Please produce an exact copy of only the lines from the one with "Audi Q3 2012 photo 3" through the last one of the material, without pictures.

○ ○ ○

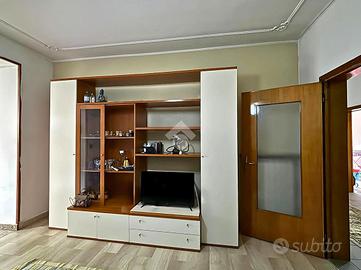 4 LOCALI A BERZO INFERIORE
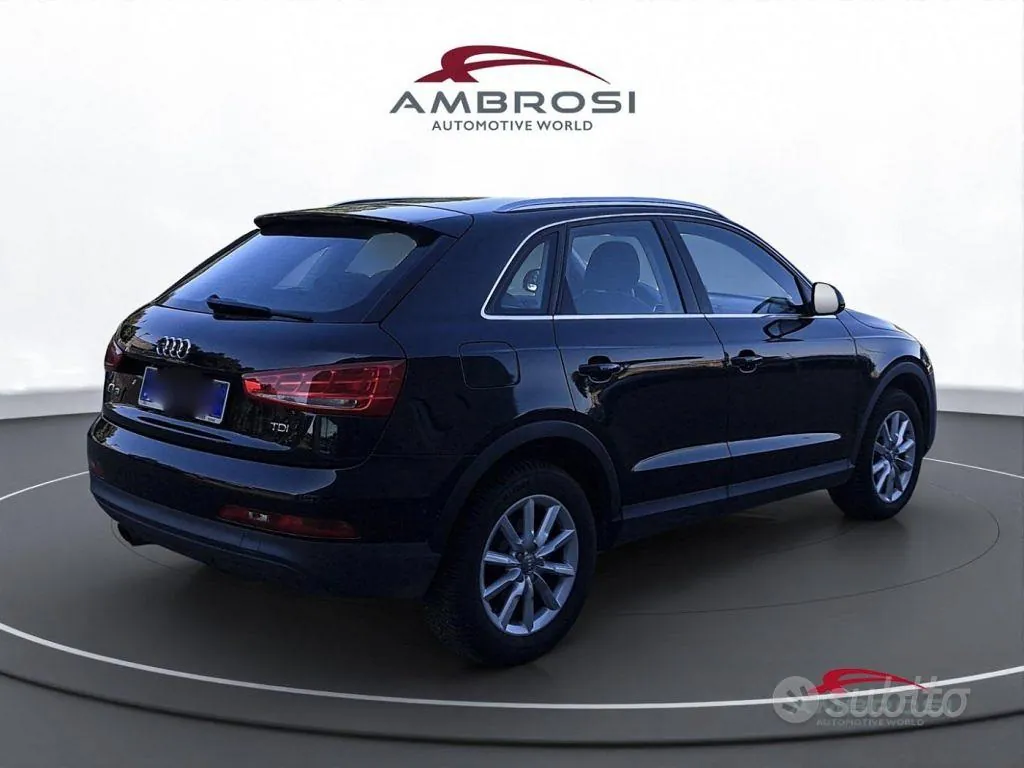 Audi Q3 2012 photo 3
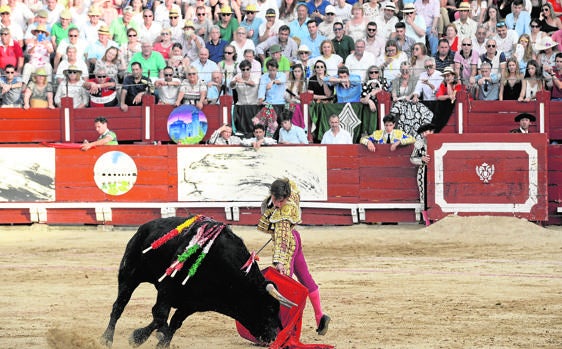 La fiesta de los toros llena plazas en verano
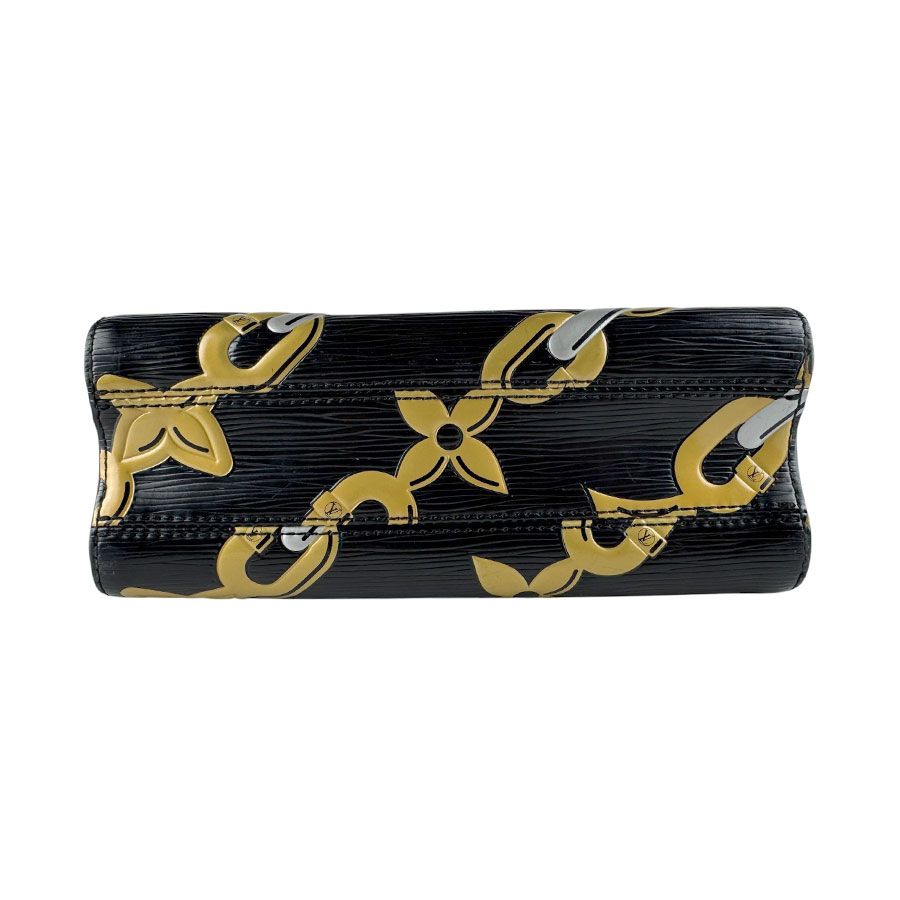 Louis Vuitton Shoulder Bag MM — view 4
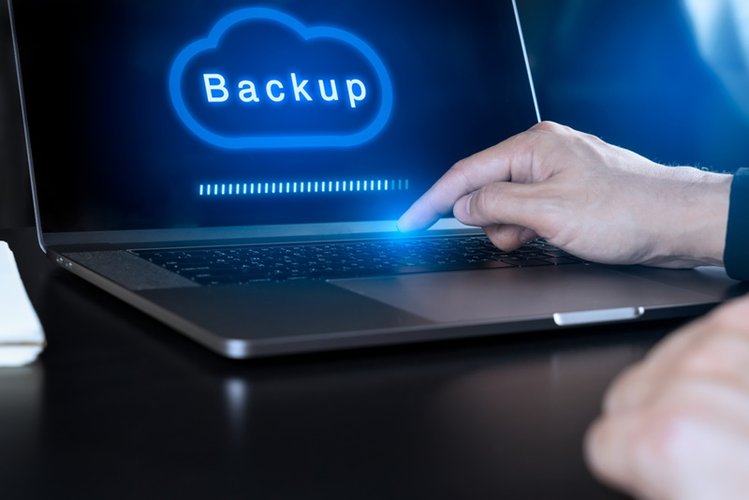 Norton 360 Deluxe oferece backup na nuvem.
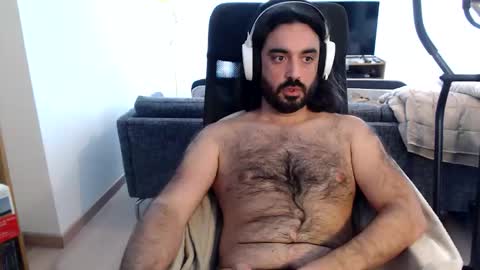 yeeaahoo online show from November 15, 2025, 8:22 am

○ ○ ○

• [ANSWER TO THE PROBLEM]:
 Audi Q3 2012 photo 3
 La fiesta de los toros llena plazas en verano
 Louis Vuitton Shoulder Bag MM — view 4
 Norton 360 Deluxe oferece backup na nuvem.
 yeeaahoo online show from November 15, 2025, 8:22 am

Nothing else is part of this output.